In the material below, begin at the line that has "Vintage 80s Louis Vuitton monogram Noe GM", stop after the line that has "Felpa uomo girocollo authentic", and transcribe those lines exactly, without pictures.

[ENTRIES PROVIDED]
○ ○ ○ ○ ○ ○ ○

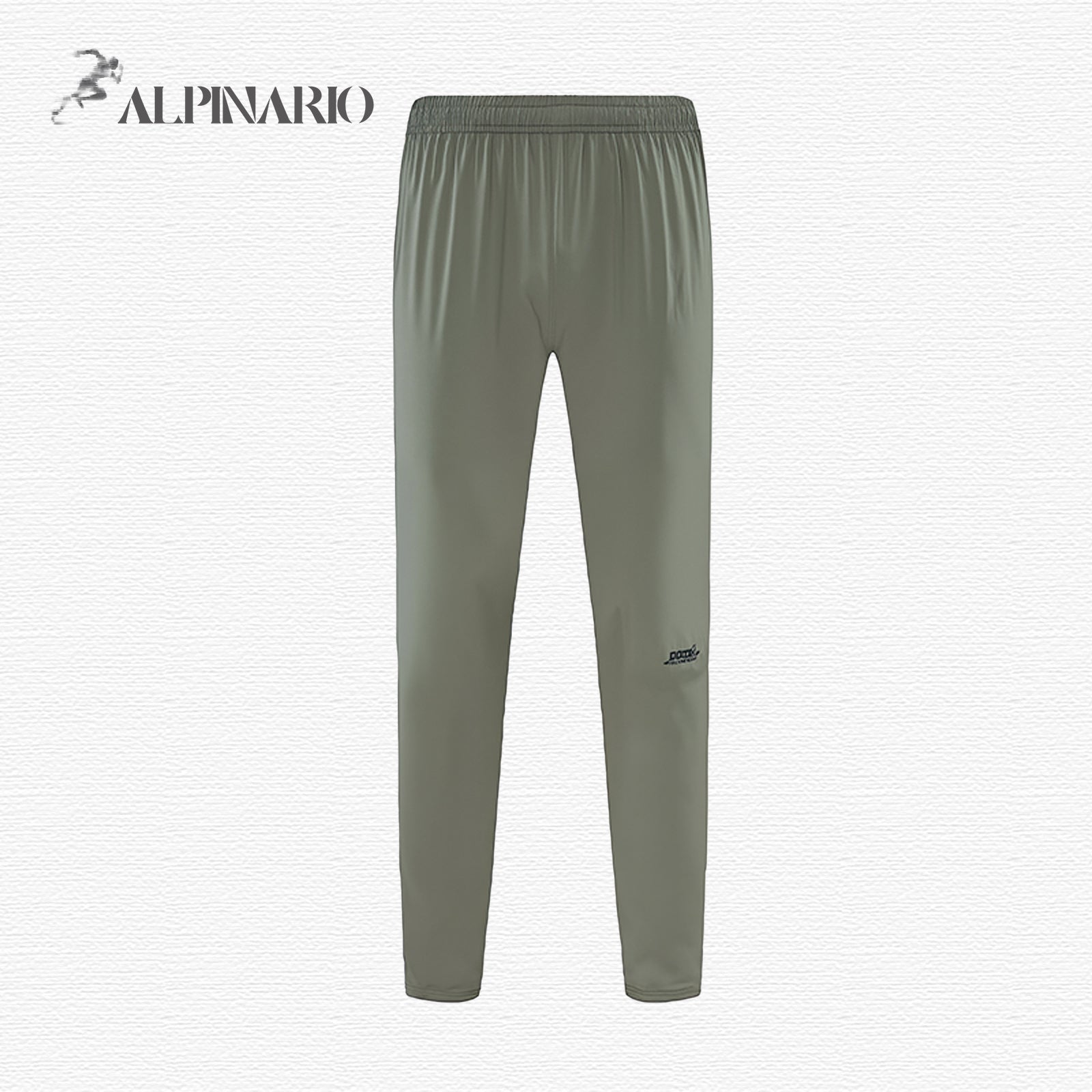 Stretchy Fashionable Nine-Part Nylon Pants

○ ○ ○ ○ ○ ○ ○

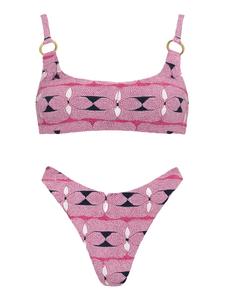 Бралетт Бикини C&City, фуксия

○ ○ ○ ○ ○ ○ ○

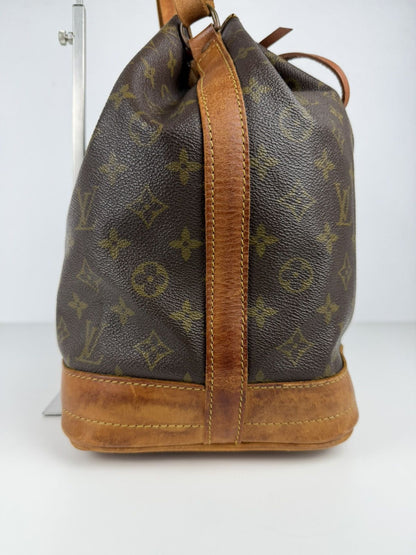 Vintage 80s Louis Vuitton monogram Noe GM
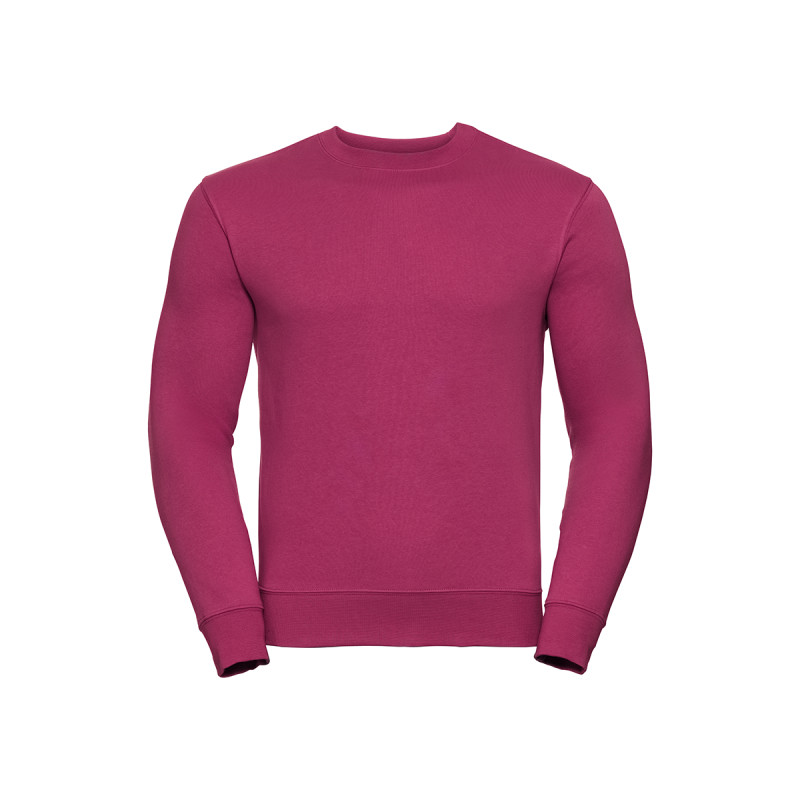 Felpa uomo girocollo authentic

○ ○ ○ ○ ○ ○ ○

[YOUR RESPONSE]
 Vintage 80s Louis Vuitton monogram Noe GM
 Felpa uomo girocollo authentic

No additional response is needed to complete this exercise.